Pike

Lake Pike (Esox lucius)

Irish Record 42lb 12oz taken on 25.09.2005 by Larry Kelly at White Lake.

Specimen 30lb, or 13.608 kilo

River Pike (Esox lucius)

Record 42lb taken on 22.03.1964 by M.Watkins at River Barrow.

Specimen 20lb, or 9.072 kilo

Identification

An elongated, torpedo-shaped fish with a large tail and both dorsal and anal fins set back and close to the tail. This is designed for maximum propulsion from a standing start, ideal for short distance ambush tactics. The head in front of the eyes is scooped downwards, and the mouth is large, and lined with numerous rows of backward-pointing, razor-sharp teeth. The under-belly is cream leading to silver-bronze flanks and perfectly camouflaged green and cream mottled patterning, with bronze-green back.

Where to catch

What can I say about Irish Pike? They grow faster, larger and fight harder than any other Pike in Europe, which is why so many European anglers head to our precious waterways each season. As a country, our authorities have been slow to fully protect and then promote our fantastic Pike angling, but with recent studies into our Irish Pike heritage, it appears that possibly Pike are indigenous to Ireland and not a relatively recent introduction as we have been led to believe. This may mean that Pike will be offered the same level of protection as our game fish, one can only hope.
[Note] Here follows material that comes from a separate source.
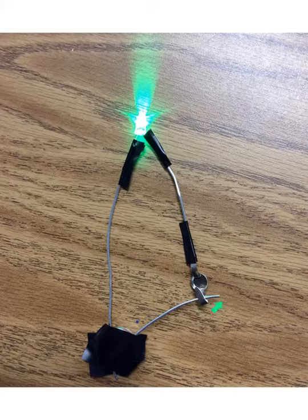If the switch is opened, then the circuit is open and the LED will turn off. If you turn the switch back on and connect the circuit again, the LED will continue to light up and the electric current will continue to flow.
Our major Pike producing waters have been well documented over the years, and despite many problems, these waters still continue to produce large specimens every season. Rivers such as the mighty Shannon, the Inny, the Blackwater and the Suck are prominent specimen producing waters.
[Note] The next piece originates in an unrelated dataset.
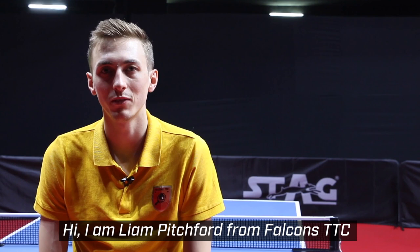Hi, I'm Liam Pitchford. I'm from Falcons TTC and I'm going to show you how to play the backhand topspin.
For thirty-pound plus Lough fish, Corrib and Mask are always up there, with Ennell and Derg capable of huge fish. Lough Beg and the Lough Neagh system, my local venue, have lost their former title of the greatest pike fishery in Europe for the time being, but hopefully they will one day bounce back.

When to catch

Pike are taken all year round, although most Pike angling in Ireland is carried out through the winter months. Autumn fish will fight well, having packed on plenty of reserves throughout the summer, and are fantastic sport on the fly. Big winter females offer the greatest chance of a specimen, feeding up and carrying excess weight prior to spawning.

Bait

Just about anything really, within reason. As active hunter-predators, they are able to attack and devour any fish species in Irish waters. Their diet includes Salmon, Trout, Perch, all cyprinids, Eels, and in particular, other, smaller Pike. Small wildfowl, rodents and amphibians are also known to be on the hit list. Pike are fantastic and natural quality-control wardens on any given water. Sick or diseased fish will be first on the menu as all predators relish an easy kill. Dead fish are “hoovered” up and taken out of the system, and being cannibalistic, Pike numbers are also naturally self-regulated.
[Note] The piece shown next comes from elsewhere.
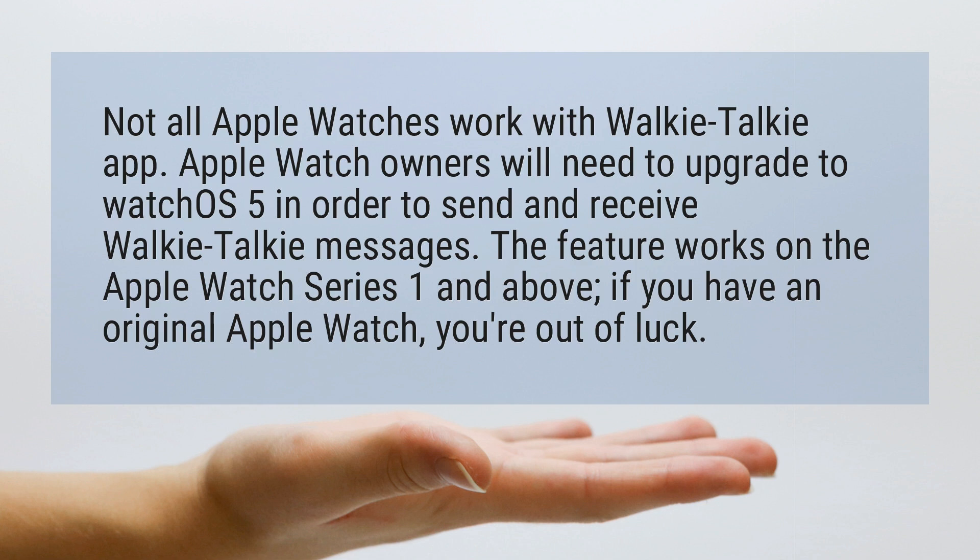The feature works on the Apple Watch Series 1 and above. If you have an original Apple Watch, you're out of luck.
As a consequence of this wide and varied diet, Pike will take a range of bait, from oily sea fish such as Mackerel, Herring, Sardine and Spratt, to natural fresh water species such as Roach, Perch, Eel and Pollen. Fly imitations that represent Roach, Perch, etc can be very effective, along with artificial lures, spinners; jerk baits and plugs, there are a bewildering array of options available to the Pike angler.

Methods

It has to be said that the Pike angling discipline offers the largest range of methods of all our species, to target this fantastic Irish sport fish. From trolling and wobbling dead baits, to spinning, casting plugs and lures, jerk-baiting, drop-shotting, vertical jigging, fly fishing and dead-baiting with float or ledger, each separate discipline is an art unto itself.

Many anglers specialise in one form or another, but there are also many, such as myself, that dabble in all branches of Pike angling, enjoying immensely, all methods that result in a Pike safely in the landing net.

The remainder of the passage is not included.